Class: Unmitigated Gaul
Got a lemon to share? Post a photo of it here and write a few lines about what makes your lemon extra special and deserving of votes.
No lemon? Join us for the spectacle anyway. Vote for your favorite, or rather maybe your least favorite, the most absurd, the most impressively awful lemons simply by liking the posts.
Although relatively unknown in the United States, the French sports car firm of Deutsch-Bonnet had an illustrious history with multiple class wins and Index of Efficiency victories at LeMans in the fifties.
To celebrate this, the company introduced a new roadster in 1959 named for the hallowed French racing circuit. By the company’s dissolution in 1962, a total of 232 LeMans Roadsters had been built. Unfortunately, one ended up in Akron, Ohio.
What happens when a streamlined, lightweight French sports car with a highly efficient 850cc two cylinder engine appears in the epicenter of rust and home of NASCAR tires and Devo? It gets a full steel frame, an aluminum tub and a big American V8! The savvy builder went out of his way to source a Pontiac V8; the car did say LeMans after all.
I bought the car at a garage sale from the person responsible for this remarkable creation. When I asked him what he did with all the original unobtanium DB parts, he said he chopped them to bits and put them on the curb for the trash man over a period of months. Obviously he followed the strategy of another local legend, Jeffrey Dahmer.
The car is as terrifying to drive as it is to look at but it still can smoke the vintage Firestone slicks at will. The nice folks in the DB Club in France just smile when they see me at Retromobile and pretend they don’t know English.

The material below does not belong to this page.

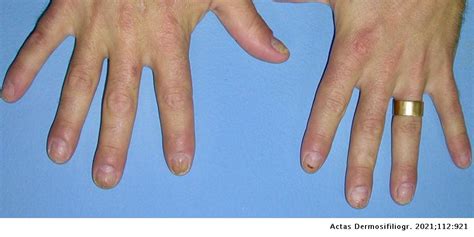 Acrodermatitis continua of Hallopeau and Koebner’s Phenomenon | Actas Dermo-Sifiliográficas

1954 Devin Panhard. Based on running gear from the French Panhard Junior with a tube frame and fiberglass body by Devin. Who knows how long it’s been sitting, but the frame is rusted in half, the rear of the body was grafted on from something else, and the nose is from a different car that now resides in france. 1
of 6 known to exist of approximately 11 factory built cars. One day it will get restored, I have the engine and transmission from a 1958 Panhard Dyna as well as the hubs and wheels from the same to replace the rotted away parts. For now it’s fun to look at
One of two cars custom made in Switzerland, it's a 1987 2CV with a fiberglass Citroën
Traction Avant front and a station wagon (shooting break) rear. The most often asked questions? 'Are those picnic chairs?" and secondly, while pointing to the wheels, "how many lug nuts does it have?" The answers and are yes and 12!